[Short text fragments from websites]
------------------------------------

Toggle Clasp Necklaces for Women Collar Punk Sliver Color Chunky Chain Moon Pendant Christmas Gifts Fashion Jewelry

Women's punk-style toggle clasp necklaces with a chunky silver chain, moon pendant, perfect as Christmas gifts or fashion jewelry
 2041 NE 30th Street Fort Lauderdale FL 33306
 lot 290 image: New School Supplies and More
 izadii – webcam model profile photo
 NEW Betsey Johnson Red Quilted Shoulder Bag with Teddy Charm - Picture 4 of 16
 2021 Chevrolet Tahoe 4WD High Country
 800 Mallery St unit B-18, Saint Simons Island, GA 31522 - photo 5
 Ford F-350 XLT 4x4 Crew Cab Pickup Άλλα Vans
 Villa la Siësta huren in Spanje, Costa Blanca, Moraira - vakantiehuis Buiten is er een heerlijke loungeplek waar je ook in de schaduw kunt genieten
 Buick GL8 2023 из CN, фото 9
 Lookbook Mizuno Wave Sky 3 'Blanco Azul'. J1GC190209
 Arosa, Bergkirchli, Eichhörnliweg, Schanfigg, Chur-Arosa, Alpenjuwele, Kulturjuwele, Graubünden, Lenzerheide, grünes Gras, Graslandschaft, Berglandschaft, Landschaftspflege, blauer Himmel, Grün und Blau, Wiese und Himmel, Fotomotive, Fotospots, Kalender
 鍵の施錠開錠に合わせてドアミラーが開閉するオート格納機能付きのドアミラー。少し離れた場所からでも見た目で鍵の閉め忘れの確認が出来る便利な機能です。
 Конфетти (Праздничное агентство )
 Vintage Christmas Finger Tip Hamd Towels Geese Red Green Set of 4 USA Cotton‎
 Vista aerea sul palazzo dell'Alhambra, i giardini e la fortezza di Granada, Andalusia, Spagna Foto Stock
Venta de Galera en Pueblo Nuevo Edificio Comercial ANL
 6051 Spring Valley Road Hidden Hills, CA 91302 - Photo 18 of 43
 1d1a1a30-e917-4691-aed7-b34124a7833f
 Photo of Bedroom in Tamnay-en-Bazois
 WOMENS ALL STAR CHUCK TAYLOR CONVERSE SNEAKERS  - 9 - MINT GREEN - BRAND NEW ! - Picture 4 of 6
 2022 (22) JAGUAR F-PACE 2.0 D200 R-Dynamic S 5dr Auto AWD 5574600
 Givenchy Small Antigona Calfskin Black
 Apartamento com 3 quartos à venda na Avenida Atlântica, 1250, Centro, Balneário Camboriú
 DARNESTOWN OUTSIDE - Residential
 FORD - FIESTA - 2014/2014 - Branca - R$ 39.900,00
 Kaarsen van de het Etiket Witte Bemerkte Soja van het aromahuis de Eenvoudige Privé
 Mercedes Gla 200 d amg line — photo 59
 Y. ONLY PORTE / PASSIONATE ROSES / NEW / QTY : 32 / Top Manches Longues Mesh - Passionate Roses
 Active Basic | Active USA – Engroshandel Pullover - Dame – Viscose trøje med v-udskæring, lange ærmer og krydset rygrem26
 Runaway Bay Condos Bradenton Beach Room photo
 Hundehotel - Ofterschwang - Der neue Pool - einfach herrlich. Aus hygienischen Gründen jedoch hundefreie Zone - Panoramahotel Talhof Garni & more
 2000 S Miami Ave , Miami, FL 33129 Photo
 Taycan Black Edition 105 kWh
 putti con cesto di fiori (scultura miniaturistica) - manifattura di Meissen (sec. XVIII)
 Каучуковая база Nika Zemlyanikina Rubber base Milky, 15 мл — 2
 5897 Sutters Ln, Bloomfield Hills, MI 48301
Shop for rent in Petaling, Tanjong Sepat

------------------------------------

## Task objective
Transcribe the entries above exactly.

## Task answer
Toggle Clasp Necklaces for Women Collar Punk Sliver Color Chunky Chain Moon Pendant Christmas Gifts Fashion Jewelry

Women's punk-style toggle clasp necklaces with a chunky silver chain, moon pendant, perfect as Christmas gifts or fashion jewelry
 2041 NE 30th Street Fort Lauderdale FL 33306
 lot 290 image: New School Supplies and More
 izadii – webcam model profile photo
 NEW Betsey Johnson Red Quilted Shoulder Bag with Teddy Charm - Picture 4 of 16
 2021 Chevrolet Tahoe 4WD High Country
 800 Mallery St unit B-18, Saint Simons Island, GA 31522 - photo 5
 Ford F-350 XLT 4x4 Crew Cab Pickup Άλλα Vans
 Villa la Siësta huren in Spanje, Costa Blanca, Moraira - vakantiehuis Buiten is er een heerlijke loungeplek waar je ook in de schaduw kunt genieten
 Buick GL8 2023 из CN, фото 9
 Lookbook Mizuno Wave Sky 3 'Blanco Azul'. J1GC190209
 Arosa, Bergkirchli, Eichhörnliweg, Schanfigg, Chur-Arosa, Alpenjuwele, Kulturjuwele, Graubünden, Lenzerheide, grünes Gras, Graslandschaft, Berglandschaft, Landschaftspflege, blauer Himmel, Grün und Blau, Wiese und Himmel, Fotomotive, Fotospots, Kalender
 鍵の施錠開錠に合わせてドアミラーが開閉するオート格納機能付きのドアミラー。少し離れた場所からでも見た目で鍵の閉め忘れの確認が出来る便利な機能です。
 Конфетти (Праздничное агентство )
 Vintage Christmas Finger Tip Hamd Towels Geese Red Green Set of 4 USA Cotton‎
 Vista aerea sul palazzo dell'Alhambra, i giardini e la fortezza di Granada, Andalusia, Spagna Foto Stock
Venta de Galera en Pueblo Nuevo Edificio Comercial ANL
 6051 Spring Valley Road Hidden Hills, CA 91302 - Photo 18 of 43
 1d1a1a30-e917-4691-aed7-b34124a7833f
 Photo of Bedroom in Tamnay-en-Bazois
 WOMENS ALL STAR CHUCK TAYLOR CONVERSE SNEAKERS  - 9 - MINT GREEN - BRAND NEW ! - Picture 4 of 6
 2022 (22) JAGUAR F-PACE 2.0 D200 R-Dynamic S 5dr Auto AWD 5574600
 Givenchy Small Antigona Calfskin Black
 Apartamento com 3 quartos à venda na Avenida Atlântica, 1250, Centro, Balneário Camboriú
 DARNESTOWN OUTSIDE - Residential
 FORD - FIESTA - 2014/2014 - Branca - R$ 39.900,00
 Kaarsen van de het Etiket Witte Bemerkte Soja van het aromahuis de Eenvoudige Privé
 Mercedes Gla 200 d amg line — photo 59
 Y. ONLY PORTE / PASSIONATE ROSES / NEW / QTY : 32 / Top Manches Longues Mesh - Passionate Roses
 Active Basic | Active USA – Engroshandel Pullover - Dame – Viscose trøje med v-udskæring, lange ærmer og krydset rygrem26
 Runaway Bay Condos Bradenton Beach Room photo
 Hundehotel - Ofterschwang - Der neue Pool - einfach herrlich. Aus hygienischen Gründen jedoch hundefreie Zone - Panoramahotel Talhof Garni & more
 2000 S Miami Ave , Miami, FL 33129 Photo
 Taycan Black Edition 105 kWh
 putti con cesto di fiori (scultura miniaturistica) - manifattura di Meissen (sec. XVIII)
 Каучуковая база Nika Zemlyanikina Rubber base Milky, 15 мл — 2
 5897 Sutters Ln, Bloomfield Hills, MI 48301
Shop for rent in Petaling, Tanjong Sepat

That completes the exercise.